WHAT TO PRODUCE: Repeat the stretch of entries below from the line with "Atjaunojošā kondicionēšana John" through the line with "MartinaMadisson online show from 27, 3, 2026". Include both ends and add nothing.

SUPPLIED ENTRIES:
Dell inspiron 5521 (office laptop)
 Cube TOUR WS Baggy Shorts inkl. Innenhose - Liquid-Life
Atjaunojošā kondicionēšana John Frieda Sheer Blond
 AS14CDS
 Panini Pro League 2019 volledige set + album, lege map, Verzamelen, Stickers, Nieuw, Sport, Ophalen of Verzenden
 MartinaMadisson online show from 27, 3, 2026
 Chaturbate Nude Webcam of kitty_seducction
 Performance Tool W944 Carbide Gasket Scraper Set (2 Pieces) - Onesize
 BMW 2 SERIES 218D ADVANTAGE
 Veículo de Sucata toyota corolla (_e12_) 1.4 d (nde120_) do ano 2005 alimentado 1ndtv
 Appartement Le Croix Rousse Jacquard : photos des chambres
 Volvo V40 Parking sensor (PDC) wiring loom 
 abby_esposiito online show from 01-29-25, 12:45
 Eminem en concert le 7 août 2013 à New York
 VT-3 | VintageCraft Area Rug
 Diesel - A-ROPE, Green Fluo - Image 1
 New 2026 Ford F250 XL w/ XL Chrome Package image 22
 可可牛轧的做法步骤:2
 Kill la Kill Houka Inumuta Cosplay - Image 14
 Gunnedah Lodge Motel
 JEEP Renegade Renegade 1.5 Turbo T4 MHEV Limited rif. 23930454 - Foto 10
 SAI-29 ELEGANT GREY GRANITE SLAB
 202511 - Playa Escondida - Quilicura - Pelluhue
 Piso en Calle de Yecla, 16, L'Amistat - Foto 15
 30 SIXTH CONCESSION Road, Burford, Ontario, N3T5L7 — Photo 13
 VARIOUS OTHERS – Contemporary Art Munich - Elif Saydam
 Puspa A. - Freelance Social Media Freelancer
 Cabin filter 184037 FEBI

COMPLETED EXERCISE:
Atjaunojošā kondicionēšana John Frieda Sheer Blond
 AS14CDS
 Panini Pro League 2019 volledige set + album, lege map, Verzamelen, Stickers, Nieuw, Sport, Ophalen of Verzenden
 MartinaMadisson online show from 27, 3, 2026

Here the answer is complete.